Hello everybody,
Years ago I opened the topic linked below about the same thing but at that time I had much less understanding of C and the answers seemed to me enough. Now I want to learn a little bit more detail. (Honestly I am writing this briefing as I am concerned to be caught and ragged by Salem)
Inline keyword
As far as I understand the inline keyword is just a suggestion to the compiler and the compiler may ignore it. When I declare the function with the inline keyword and define the function below the main function it does not compile. Therefore I got two suggestions from two people with great knowledge:
laserlight: Ditch the prototype and just use the function definition as a declaration.
oogabooga: To avoid some other complexities, you may also want to make it static (i.e., "internal" instead of "external"). [Also c99tutorial suggested the same thing.]
What I understand from the previous discussion and my research.
1) laserlight's suggestion works. If the compiler accepts to inline the definition is there, if it ignores it the decleration is there so it can be linked.
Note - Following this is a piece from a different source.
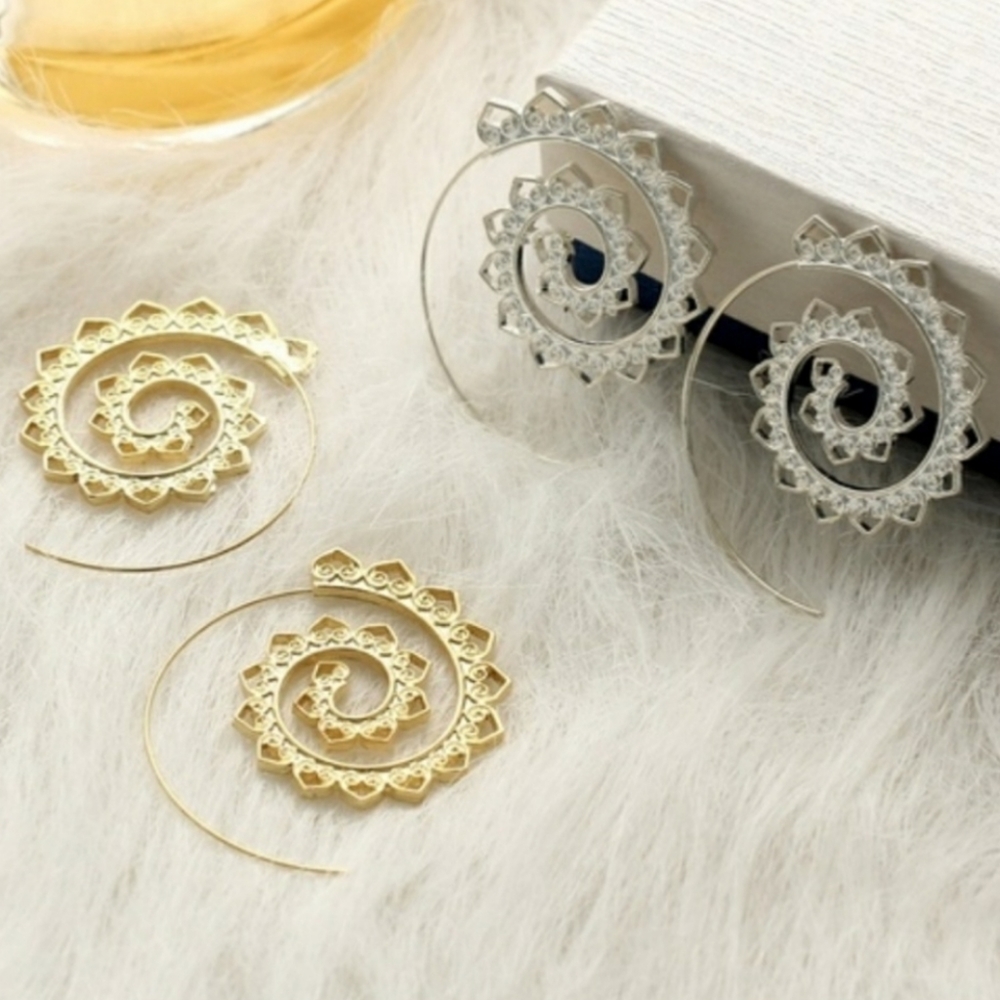 Beautiful Gold & Silver Spiral Earrings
2) If I do the same as 1 but define the function below main function and do not declare the function prototype the code compiles with a warning ("implicit decleration of the function").
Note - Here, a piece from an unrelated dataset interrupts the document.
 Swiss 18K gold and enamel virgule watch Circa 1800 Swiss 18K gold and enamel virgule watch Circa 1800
3)To resolve this if I type the prototype with the keyword inline it does not work ("undefined reference to the function"). I suspect the the compiler rejects inlining the function and cannot find the function definition to link. Why does not that work?
4)When I remove the inline keyword from the function prototype it works without any warnings or errors. Is it thr right way to use inline functions?
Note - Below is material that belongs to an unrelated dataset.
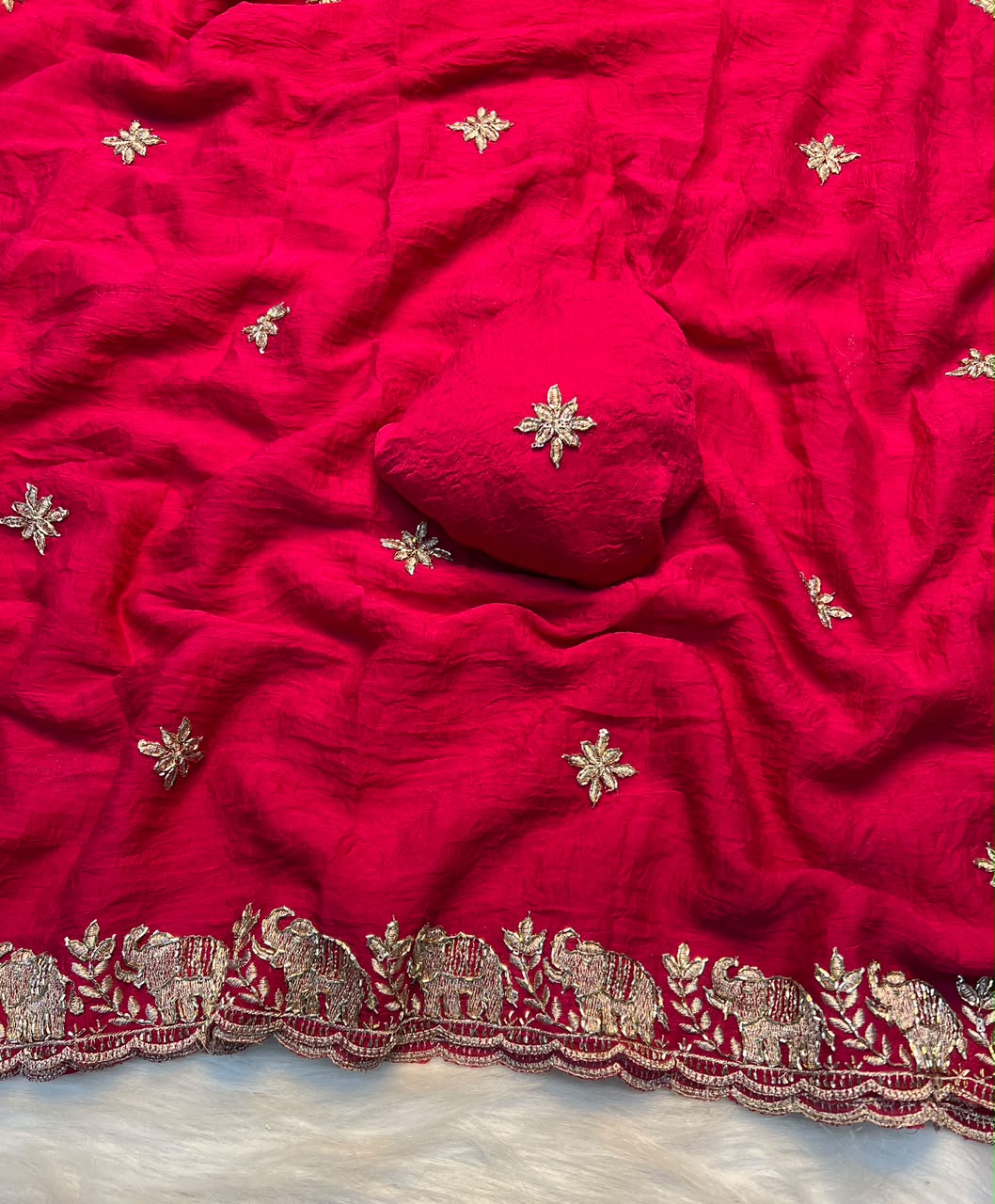 Rangoli Crush Saree with Sequins Border — photo 5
5)If I add static keyword both to the definition and the prototype it works too. As far as I know the static keyword makes the function is known only in the file. Why is this usually recommended to use with inline?
6)If I type the function prototype with inline but the definition without inline it works without any warnings and errors. My guess is that inlining is never suggested to the compiler at that case. But I would expect at least a warning. Why does this seem legit?
P.S. : I use GCC as my compiler with Code::Blocks.